# Bandsaw Accident (pic of stitches)



## Bowlguy_in_PA (Feb 9, 2014)

This is something that happened to me 4 days before Christmas during a massive snow storm. It took me a while to figure out what happened since it happened so fast.

I had a large piece of wood about 6 inches high I was cutting into a bowl blank. I raised my bandsaw guard up to get through the wood. After I was cutting through the wood, the bandsaw blade grabbed the wood and pulled my finger into it. It happened so fast, I immediately pulled my finger away but saw the blood and bone in my index finger. I ran upstairs and told the wifey she needed to drive me to the ER during the snow storm in the dark. There was already 6" of snow on the ground. ER is 25 minutes away on a clean day.

Making the gory story shorter ... we were able to get to an urgent care facility right before it closed for the storm and found out the cut was down to the bone & just missed the tendon. Cut through a nerve or two and was able to be stitched up. 11 stitches later, I walked out and the wifey drove me back home. Lots of bonding time on the drive since we drove 15 MPH both ways.

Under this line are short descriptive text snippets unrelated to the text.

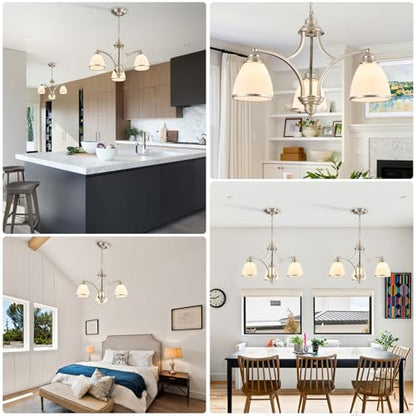 6 Light Chandelier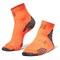 Moretan RUN SLAY Носки беговые Оранжевый/Серый - фото 252619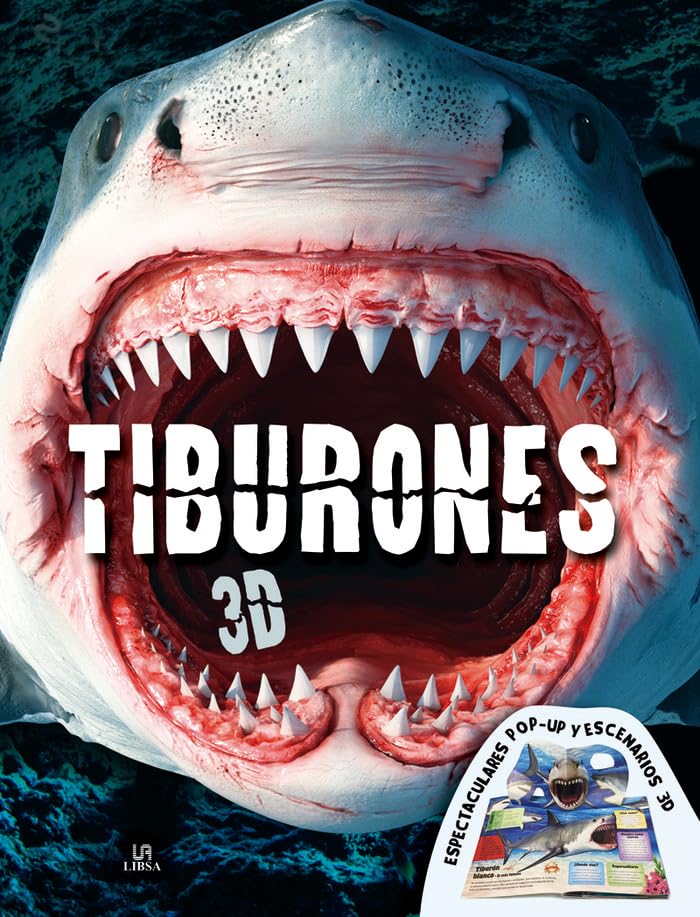 Tiburones 3D: 2 (Escenarios 3D)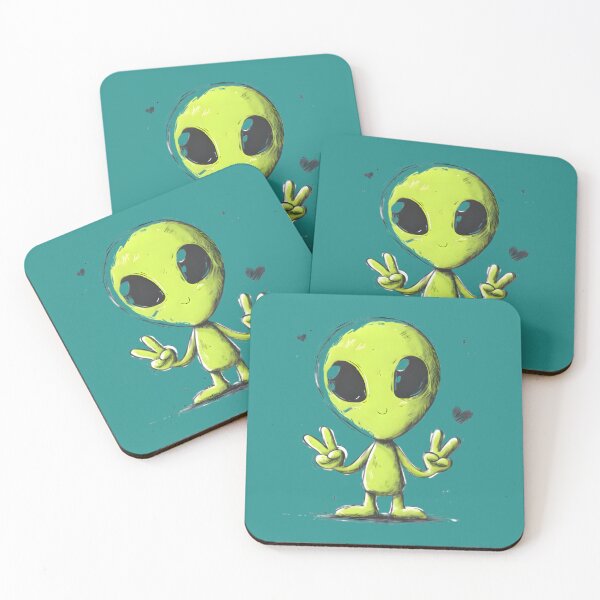 Item preview, Little Green Alien designed and sold by Retro Whimsy.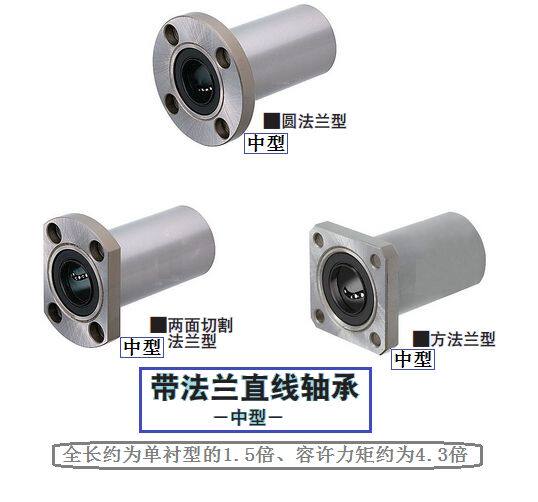 Linear bearing with flange LHFRD LHFSD LHFCD68 8 10 12 13 16 20 25 30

I have an awesome scar now, but no feeling in part of the finger under the stitches in the photo. Won't ever have feeling in there, but have full movement, which is great! Healed in 9 days!

Just be careful out there with large pieces of wood on a bandsaw. I now stand a little differently when cutting large pieces of wood on the bandsaw now and go really slow when the guard is up more than 3" high.

The worst part is when the wifey & kids found out I wasn't perfect. That hit hard.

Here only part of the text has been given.